I bought an HDMI lag tester that proved whether monitors for the fighting-game community were 18ms lag or 30ms lag, since the fighting game community is very, very, very particular about tournament setups. There's no way a device like this would make a sale at the large scale, but that's the kind of "Etsy-project" that I literally bought back when I cared a lot of about getting my home setup close to tournament specs.

Or perhaps $300 joysticks custom built to look/feel like arcade sticks, at least before Madcatz / big guys started making them.

In case you're curious: this was a $120 doohicky that was an HDMI output signal that flashed white-rectangles on the top-left, top-right, center, bottom-left, and bottom-right of the screen, .... plus a photodiode that accurately measured when the HDMI-signal went out minus the latency to the milisecond. The last time detected was updated through HDMI output.

This is a project most of us hobby EEs could accomplish and likely sell on Etsy. But we gotta keep costs down below $30 BoM in practice. Its a meaningful project and something good tournament organizers knew to buy and test with.

---------

I've heard the estimate that for hobby / Etsy store level manufacturing, you're looking at 5x BoM for a fair price. Ex: $20 BoM sells at $100, $100BoM sells at $500. If you can't accomplish this, then your business idea sucks, go think of another more profitable idea. If this niche product exists, then you've got a potential Etsy-business idea.

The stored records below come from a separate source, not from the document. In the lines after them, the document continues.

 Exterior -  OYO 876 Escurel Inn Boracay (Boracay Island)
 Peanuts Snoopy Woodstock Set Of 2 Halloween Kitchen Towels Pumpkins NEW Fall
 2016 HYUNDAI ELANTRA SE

I think there's a good market for $100 to $500 specialist niche electronic tools like this, taking advantage of the small sizes of communities, small scale of builds, small markets, etc. etc. (If it were a large market, Hasbro or Nintendo or some "big guy" will jump in and likely take your market. If its like 1000 total lifetime sales, that's enough to make the hobby worth it but small enough that no big company would tackle that niche).

If you're talking about $500 parts, then we're talking about $2500 sales price (using the 5x BoM fair price scaling as a mental model), which is likely outside of the hobby/Etsy craft tool for niche subject market.

There's a lot of hobbies out there where $100 to $500 tools (ex: $100 HDMI lag tester, $300 joystick, Replicated Pop'n Music controller), is fair. Going above $500 or $1000 Bill-of-Materials (aka: sales prices in $2500+ range) kind of gets you back into professional tools and you're suddenly a loser.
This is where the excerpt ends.